DECONSTRUCTING DEMONSTRATIONS: Ralph Kinney Bennett has thoughts on Hezbollah. Meanwhile, the Lebanese say that Syrian agents — not troops — are the real problem.

More on this, here.

FINISHED THIS CHARLES STROSS BOOK last night. It took me a while, as I’ve been busy (sent off a book review, and an edited law review manuscript yesterday) but it was quite good — if anything, better than the first volume in the series, which is unusual for such things.

PROTESTS IN UNLIKELY PLACES: A don’t-miss roundup from Publius. “Morocco? Egypt? Kuwait? Pakistan? Incredible stuff.”

KYRGYZSTAN UPDATE: Protests seem to be spreading across the country.

Meanwhile, protests are breaking out in Iran, too.

UPDATE: Much, much more on Kyrgyzstan, here.

LIKE ROBIN HOOD, ONLY WITH PARKING: I’m still not a Wal-Mart fan, but my objections are mostly aesthetic. I’d love to shop at Samuel’s, though!

UPDATE: Reader Chris Greer sends this more negative take.

RECIPEBLOGGING gets a writeup in The Tennessean. Including: “Cathy Seipp’s Best Easy Chocolate Birthday Cake Ever!”

UNIVERSITY OF COLORADO PRESIDENT BETSY HOFFMAN HAS RESIGNED: A lot of readers think that the Ward Churchill angle has been downplayed, but I really don’t think it had much to do with her resignation — the football scandal is bigger, has been fermenting longer, and much more directly implicated the University Administration. Churchill certainly didn’t help, and it’s possible that he was the straw that broke the camel’s back, but I really think that the football scandal was the main mover here.

BOING-BOING VERSUS NORTH KOREA: My money’s on Boing-Boing.

HEH: Article here. Comments here.

UPDATE: Michael Totten observes:

Sorry, I don’t mean to gloat, and I shouldn’t. It’s still possible that the whole thing will blow up in our faces and I’ll be the one who has to eat crow. I don’t think it will turn out that way, but I don’t know that it won’t. Nobody does.

What I find interesting here is that this shows the foresight of historians like Victor Davis Hanson. He has long argued that we should stop worrying about anti-American and anti-war jackassery and just win the damn war.
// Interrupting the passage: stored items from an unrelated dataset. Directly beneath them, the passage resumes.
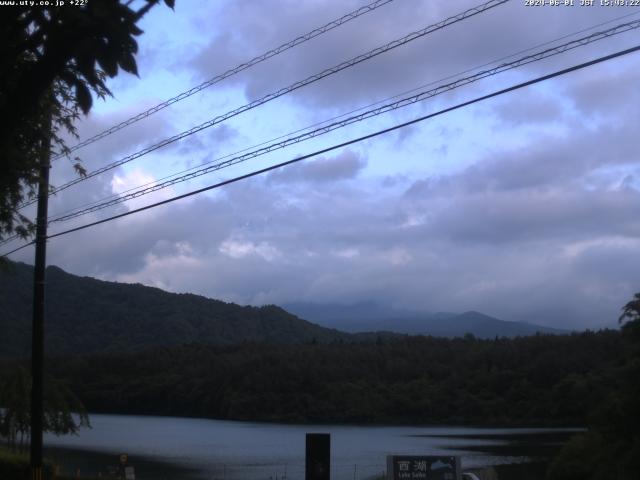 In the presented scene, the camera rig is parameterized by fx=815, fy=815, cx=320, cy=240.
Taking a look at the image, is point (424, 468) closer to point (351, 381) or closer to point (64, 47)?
point (64, 47)

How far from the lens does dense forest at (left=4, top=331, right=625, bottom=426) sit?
99375 millimetres

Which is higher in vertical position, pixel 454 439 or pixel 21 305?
pixel 21 305

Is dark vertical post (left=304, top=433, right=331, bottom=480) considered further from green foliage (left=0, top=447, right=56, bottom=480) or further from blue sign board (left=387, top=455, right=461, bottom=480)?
green foliage (left=0, top=447, right=56, bottom=480)

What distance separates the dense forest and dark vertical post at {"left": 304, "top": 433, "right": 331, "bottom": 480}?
86.2 meters

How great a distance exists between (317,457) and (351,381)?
4099 inches

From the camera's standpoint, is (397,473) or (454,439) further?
(454,439)

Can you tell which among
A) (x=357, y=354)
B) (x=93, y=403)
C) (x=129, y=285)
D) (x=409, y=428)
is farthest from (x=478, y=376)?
(x=129, y=285)

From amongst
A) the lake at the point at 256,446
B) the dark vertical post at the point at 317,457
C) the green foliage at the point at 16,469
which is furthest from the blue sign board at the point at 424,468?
the lake at the point at 256,446

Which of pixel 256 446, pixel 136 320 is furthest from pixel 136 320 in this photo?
pixel 256 446

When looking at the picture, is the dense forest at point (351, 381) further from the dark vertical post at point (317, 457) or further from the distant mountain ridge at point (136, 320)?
the dark vertical post at point (317, 457)

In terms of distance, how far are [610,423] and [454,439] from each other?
47243mm

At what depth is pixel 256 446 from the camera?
242ft

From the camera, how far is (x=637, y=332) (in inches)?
1430

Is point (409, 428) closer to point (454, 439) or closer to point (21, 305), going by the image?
point (454, 439) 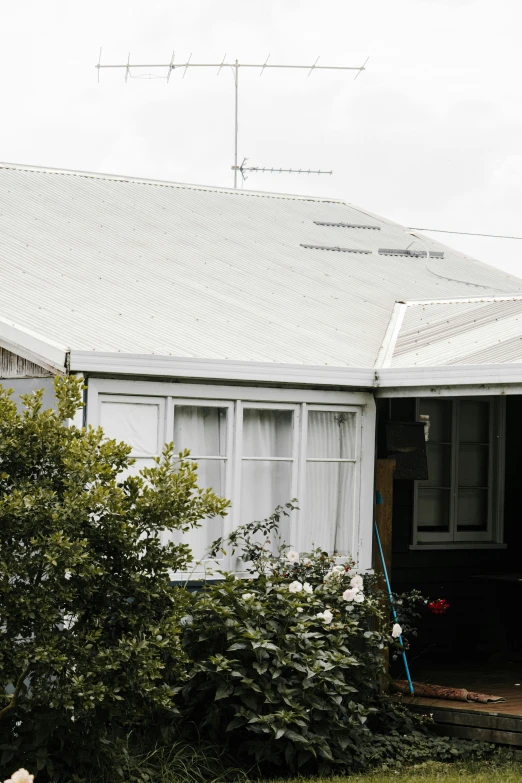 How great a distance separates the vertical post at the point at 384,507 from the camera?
10242 millimetres

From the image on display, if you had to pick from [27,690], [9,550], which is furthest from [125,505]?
[27,690]

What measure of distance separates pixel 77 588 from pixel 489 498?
6.50 metres

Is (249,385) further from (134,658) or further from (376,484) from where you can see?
(134,658)

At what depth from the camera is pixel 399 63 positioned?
84.0ft

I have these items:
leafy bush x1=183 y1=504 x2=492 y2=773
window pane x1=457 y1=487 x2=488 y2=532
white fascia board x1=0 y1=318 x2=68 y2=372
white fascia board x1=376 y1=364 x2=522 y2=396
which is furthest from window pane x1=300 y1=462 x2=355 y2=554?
window pane x1=457 y1=487 x2=488 y2=532

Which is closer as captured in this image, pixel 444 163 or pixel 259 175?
pixel 259 175

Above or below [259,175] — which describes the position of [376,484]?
below

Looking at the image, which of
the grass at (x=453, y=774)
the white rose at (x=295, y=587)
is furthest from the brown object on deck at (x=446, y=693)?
the white rose at (x=295, y=587)

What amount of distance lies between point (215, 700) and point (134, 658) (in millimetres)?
949

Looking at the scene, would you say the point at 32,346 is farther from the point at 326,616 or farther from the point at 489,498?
the point at 489,498

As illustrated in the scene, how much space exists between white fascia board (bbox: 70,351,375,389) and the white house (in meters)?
0.01

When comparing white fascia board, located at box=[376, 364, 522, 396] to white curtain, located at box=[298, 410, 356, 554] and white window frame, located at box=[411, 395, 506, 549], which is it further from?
white window frame, located at box=[411, 395, 506, 549]

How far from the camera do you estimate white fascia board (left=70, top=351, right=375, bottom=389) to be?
8758 millimetres

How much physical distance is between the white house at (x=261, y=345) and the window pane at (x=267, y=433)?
1cm
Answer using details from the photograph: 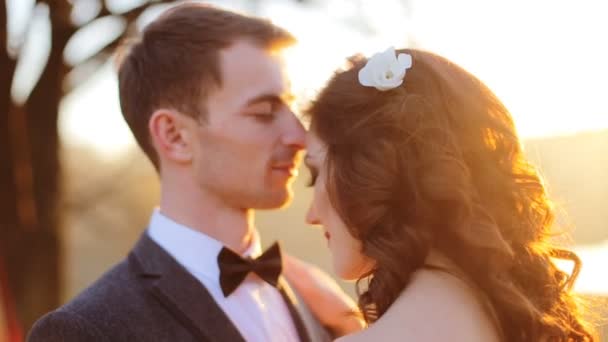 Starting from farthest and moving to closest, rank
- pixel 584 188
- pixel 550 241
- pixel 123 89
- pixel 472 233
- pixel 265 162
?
pixel 584 188 < pixel 123 89 < pixel 265 162 < pixel 550 241 < pixel 472 233

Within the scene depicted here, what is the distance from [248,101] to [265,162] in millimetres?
190

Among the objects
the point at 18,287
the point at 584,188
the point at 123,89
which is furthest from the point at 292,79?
the point at 584,188

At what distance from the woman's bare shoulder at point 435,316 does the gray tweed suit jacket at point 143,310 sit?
0.71 metres

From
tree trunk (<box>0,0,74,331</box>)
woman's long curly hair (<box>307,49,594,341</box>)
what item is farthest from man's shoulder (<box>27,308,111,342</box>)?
tree trunk (<box>0,0,74,331</box>)

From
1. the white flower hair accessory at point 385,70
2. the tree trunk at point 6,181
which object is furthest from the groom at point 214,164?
the tree trunk at point 6,181

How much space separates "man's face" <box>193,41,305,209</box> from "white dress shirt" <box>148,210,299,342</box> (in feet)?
0.51

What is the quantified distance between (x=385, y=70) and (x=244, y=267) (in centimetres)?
84

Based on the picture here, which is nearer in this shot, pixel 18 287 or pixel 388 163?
pixel 388 163

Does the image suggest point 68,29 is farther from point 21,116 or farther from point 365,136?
point 365,136

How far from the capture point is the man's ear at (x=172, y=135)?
315 cm

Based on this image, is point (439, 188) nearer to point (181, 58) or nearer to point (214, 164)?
point (214, 164)

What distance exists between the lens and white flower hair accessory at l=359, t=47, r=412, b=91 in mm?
2451

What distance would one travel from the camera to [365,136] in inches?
94.2

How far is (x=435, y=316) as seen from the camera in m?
2.18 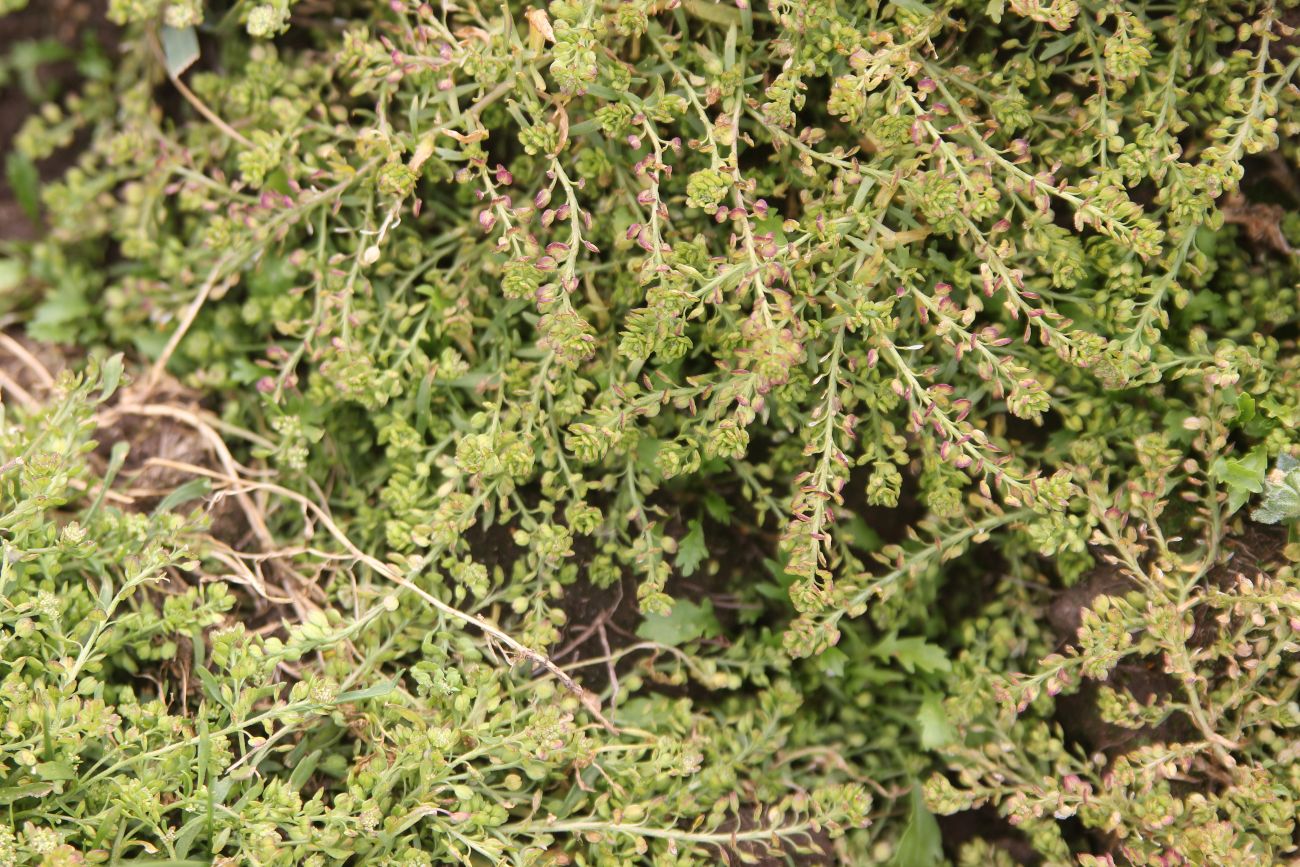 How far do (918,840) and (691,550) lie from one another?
95 centimetres

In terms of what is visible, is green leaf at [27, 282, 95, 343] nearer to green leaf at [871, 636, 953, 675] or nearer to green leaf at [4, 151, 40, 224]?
green leaf at [4, 151, 40, 224]

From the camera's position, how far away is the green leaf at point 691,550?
8.77ft

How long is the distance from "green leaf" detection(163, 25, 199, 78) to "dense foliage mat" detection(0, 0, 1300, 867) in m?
0.01

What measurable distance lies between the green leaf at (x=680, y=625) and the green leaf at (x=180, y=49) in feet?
6.81

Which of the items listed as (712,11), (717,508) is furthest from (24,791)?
(712,11)

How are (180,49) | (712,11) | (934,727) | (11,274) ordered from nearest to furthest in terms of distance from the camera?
(712,11)
(934,727)
(180,49)
(11,274)

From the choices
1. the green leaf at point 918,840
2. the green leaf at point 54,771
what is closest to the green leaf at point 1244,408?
the green leaf at point 918,840

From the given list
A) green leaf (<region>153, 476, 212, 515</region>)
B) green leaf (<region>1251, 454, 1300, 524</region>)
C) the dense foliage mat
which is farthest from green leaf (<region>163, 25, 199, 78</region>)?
green leaf (<region>1251, 454, 1300, 524</region>)

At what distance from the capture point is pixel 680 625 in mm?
2691

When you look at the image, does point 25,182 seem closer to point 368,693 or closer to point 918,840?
point 368,693

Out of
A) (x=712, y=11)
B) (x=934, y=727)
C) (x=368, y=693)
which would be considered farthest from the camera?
(x=934, y=727)

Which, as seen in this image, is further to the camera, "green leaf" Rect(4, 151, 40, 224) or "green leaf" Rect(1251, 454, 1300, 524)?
"green leaf" Rect(4, 151, 40, 224)

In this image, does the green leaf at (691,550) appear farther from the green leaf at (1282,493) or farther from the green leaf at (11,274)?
the green leaf at (11,274)

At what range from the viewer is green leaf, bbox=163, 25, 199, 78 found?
2980mm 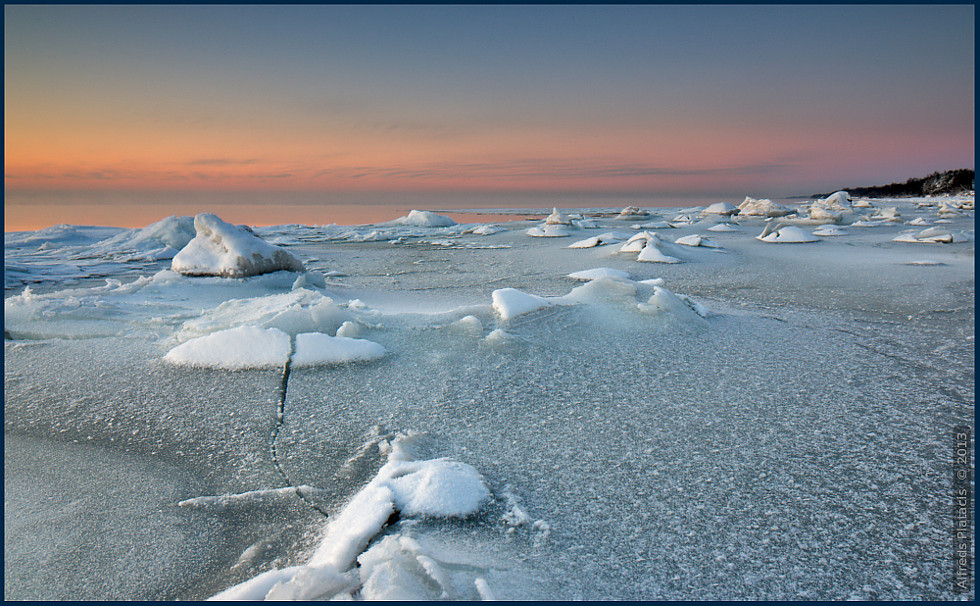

If things work out in Iraq and the Middle East, he’s been saying, opposition to the U.S. and the war will largely evaporate. I have had my doubts about that since the opposition is often so reactionary and toxic. But this definitely belongs in his evidence column.

Indeed.

UPDATE: Scott Burgess says that, despite the cover, the Independent is ducking the main question.